ProxSTORM -- A Stochastic Trust-Region Algorithm for Nonsmooth Optimization
Robert J. Baraldi, Aurya Javeed, Drew P. Kouri, Katya Scheinberg
TL;DR
ProxSTORM addresses the problem of minimizing a composite objective $f(x)+\varphi(x)$ where $f$ is stochastic and Lipschitz-smooth while $\varphi$ is convex and possibly nonsmooth.It extends the STORM stochastic trust-region framework by incorporating the proximal term via the proximal gradient $h(X_k)$ and by handling stochastic inexactness in both the model and reductions.The paper proves global convergence with a limit-type result and derives an $\mathcal{O}(\epsilon^{-2})$ expected complexity bound, under assumptions on model accuracy, proximal-reduction accuracy, and controlled decrease.Numerical experiments on $\ell^1$-regularized neural network training and a topology-optimization problem demonstrate the method's numerical viability and robustness to stochastic inexactness under convex constraints.Overall, ProxSTORM provides a practical, theoretically backed approach for nonsmooth stochastic composite optimization with provable convergence guarantees and competitive empirical performance.
Abstract
We develop a stochastic trust-region algorithm for minimizing the sum of a possibly nonconvex Lipschitz-smooth function that can only be evaluated stochastically and a nonsmooth, deterministic, convex function. This algorithm, which we call ProxSTORM, generalizes STORM [1, 2] -- a stochastic trust-region algorithm for the unconstrained optimization of smooth functions -- and the inexact deterministic proximal trust-region algorithm in [3]. We generalize and, in some cases, simplify problem assumptions so that they reduce to more succinct version of assumptions on STORM when the convex term is zero.
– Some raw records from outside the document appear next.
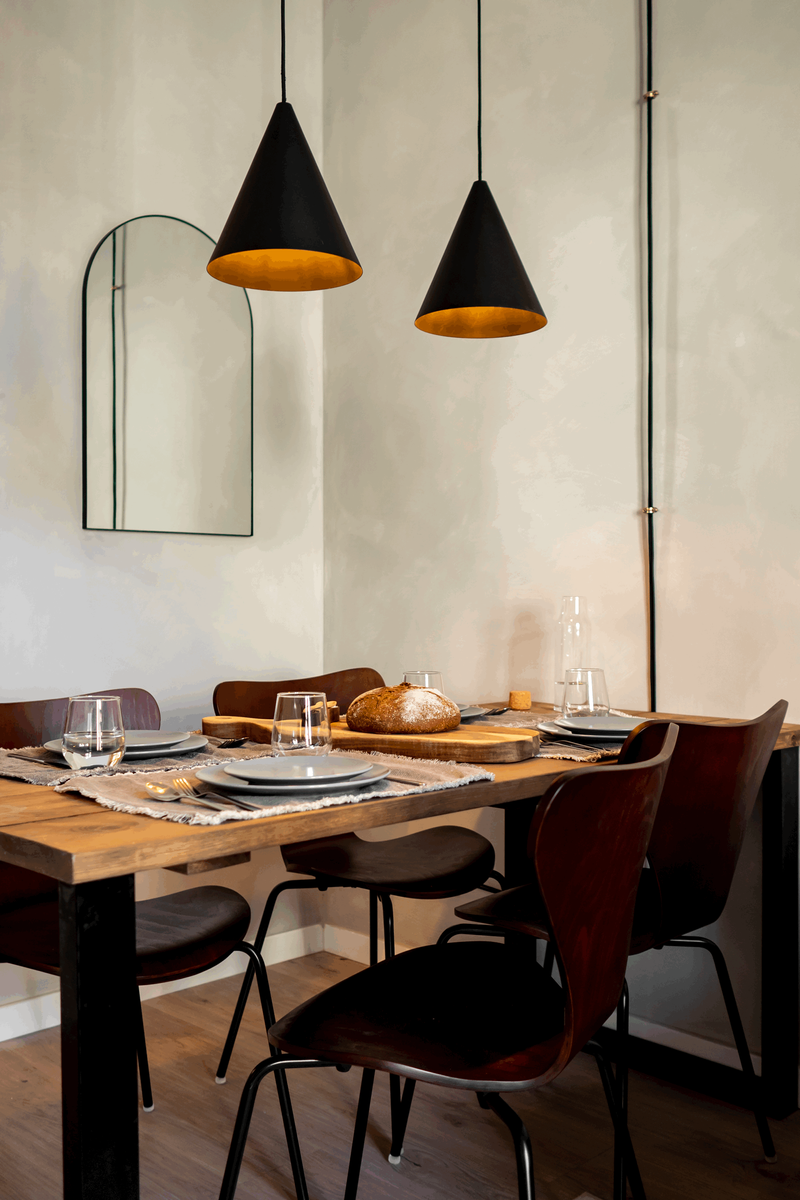 a dining room table with four chairs and two pendant lights. Table setting breakfast, round bread, lime wash wall paint, wall paint effect. Mirror with arch, black hanging table lights, minimalist wooden chairs. By Aptó interiors in Barcelona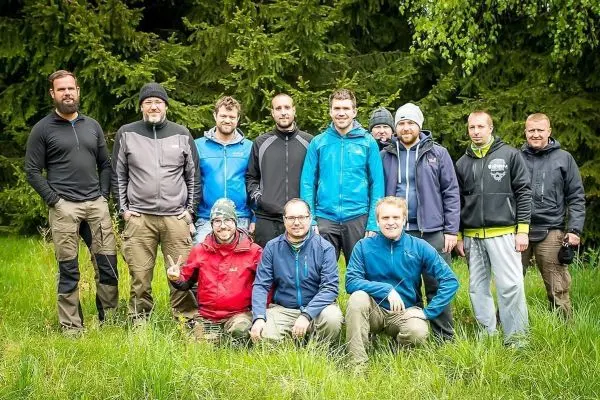 Gruppe von zehn Personen in Outdoor-Bekleidung steht auf einer Wiese vor Bäumen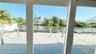 View through sliding door of deck and canal.  Black tarp at seawall is for adjacent unit new pool install.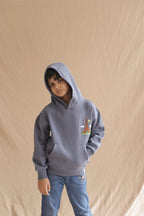 Denim blue kids hoodie with hood up and Eiffel tower embroidery, worn by child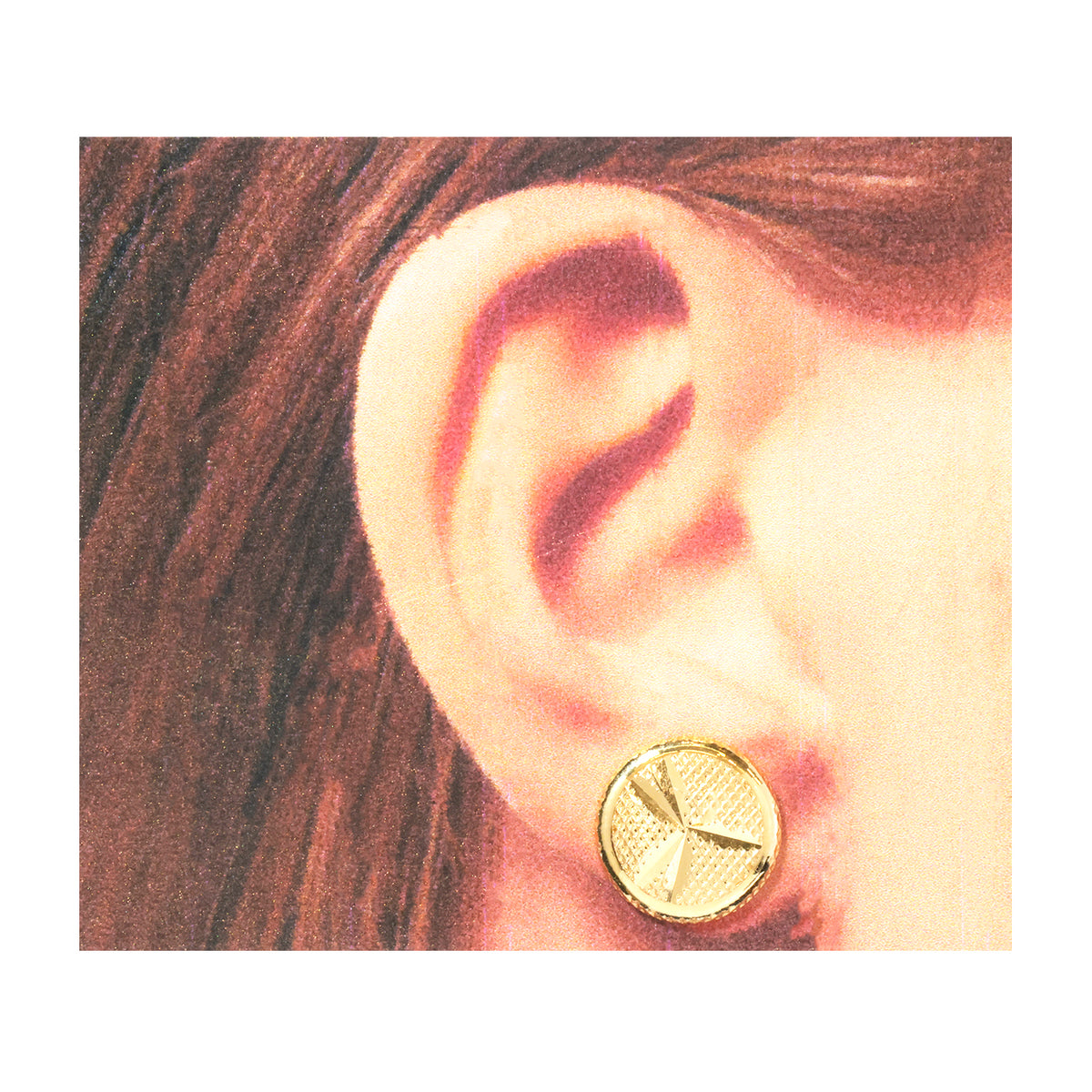 A close-up of a person's ear wearing a small round gold stud earring with a textured geometric design.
Our analysis follows the STORM framework by employing martingales, but again simplifies certain steps and proving global convergence and an expected complexity bound in the more general setting of a possibly nonsmooth term. To demonstrate that the method is numerically viable, we apply the algorithm to $\ell^1$-regularized neural network training and also to topology optimization.